Sri Lankan police came under fire Saturday for their failure to act after the gang rape and murder of a teenage girl in the district of Jaffna, as tensions heightened in the former war zone following angry protests over the incident.
Children’s Affairs Minister Rosy Senanayake slammed police for their response to a complaint after the 17-year-old student -- identified as Vidya -- went missing in Jaffna last week. Her bruised body was found a day later near her home.
“When the local residents handed over a suspect, the police were still not taking action,” Senanayake told reporters at a press conference in Colombo.
The victim had been abducted by four men, later joined by five more, who attacked and then killed her, the minister added.
The case sparked outrage last Wednesday, with hundreds of villagers pelting stones at the police and a court house.
Senanayake said three senior policemen had since been transferred from their stations in Jaffna, pending an internal investigation into the police failure.
Following the protests, police said they had arrested nine people -- one of whom is a man of Sri Lankan origin who had recently obtained a Swiss passport.

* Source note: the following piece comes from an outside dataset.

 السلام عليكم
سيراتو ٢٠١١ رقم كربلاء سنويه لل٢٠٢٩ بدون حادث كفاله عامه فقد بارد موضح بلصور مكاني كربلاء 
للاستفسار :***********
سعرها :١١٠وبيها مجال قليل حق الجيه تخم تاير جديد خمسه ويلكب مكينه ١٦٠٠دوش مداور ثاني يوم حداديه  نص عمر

But even as the minister criticized the breakdown in law and order, police announced they had obtained a court order banning further protests in the peninsula.

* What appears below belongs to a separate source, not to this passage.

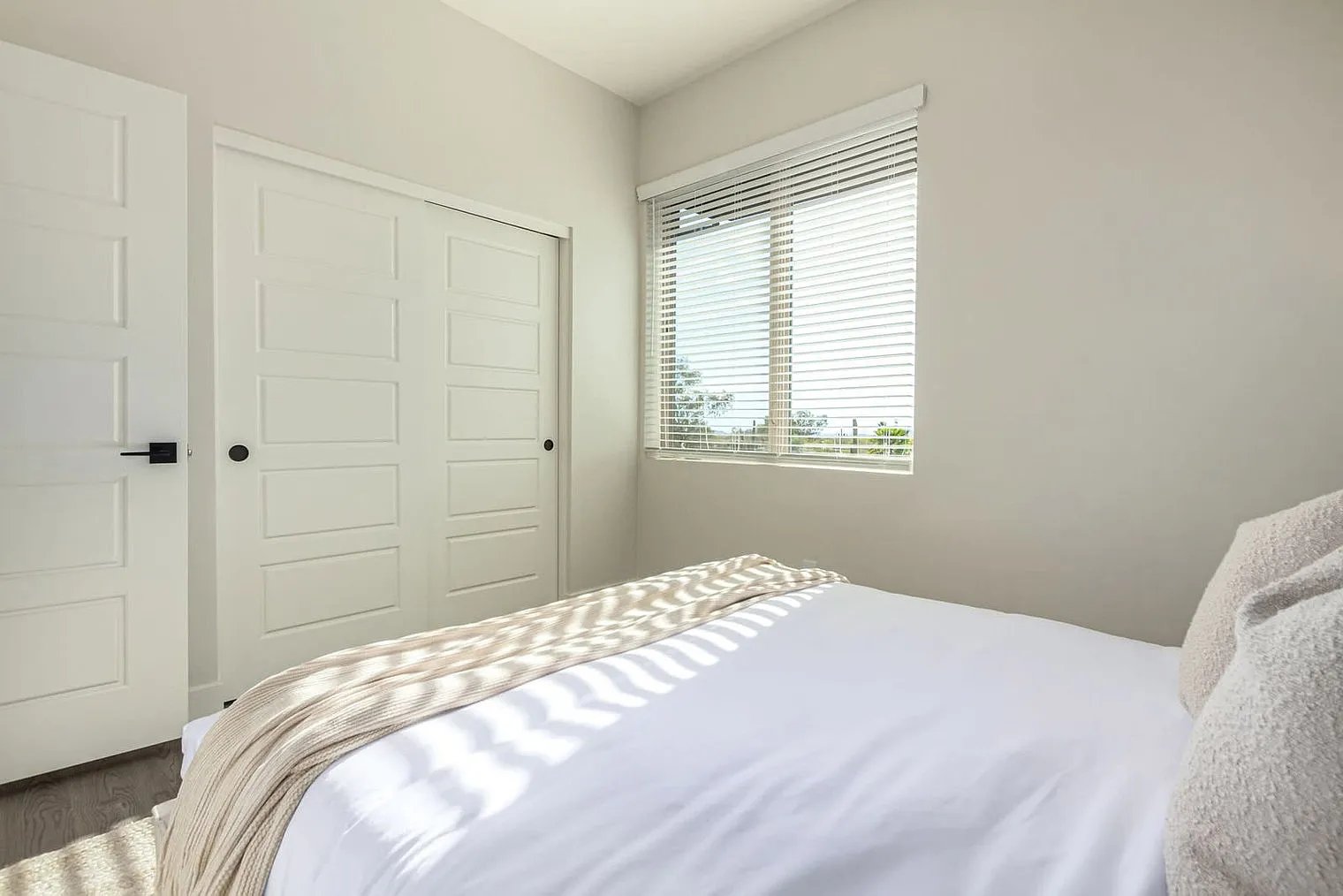 2 bed, 2.0 bath, 1162 sqft, $3,491 — Photo 4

Wednesday’s demonstrations marked a rare outburst of public anger since the end of the 37-year-long Tamil separatist war, in which at least 100,000 people were killed between 1972 and 2009.
Police reacted to the protests by firing tear gas and arresting 130 people who took part, sparking more anger across the region, residents said.
“It is not right for people to take the law into their own hands, but we cannot be satisfied with the way the police acted in this case,” the minister added.
Senanayake, whose government came to power in January, said there had been a 20 percent increase in the number of cases of violence against women and children in the past two years.
She blamed the crime wave on the inefficient criminal justice system.
“The state has failed to criminalise the criminals,” she said, adding that she was pressing the government to fast track all cases of violence against women and children under a special police investigative unit.
“We have (had) tight protection laws since 1995, but obviously the police have failed to enforce the law,” she said.
The minister said she was organising a candle light vigil in the capital for Vidya on Sunday.
She said there had also been instances of infants being raped by relatives.
“It is a shameful situation. We want our society to put a stop to this,” she said, adding that six rapes were recorded daily across the nation of 20 million people while many more cases go unreported.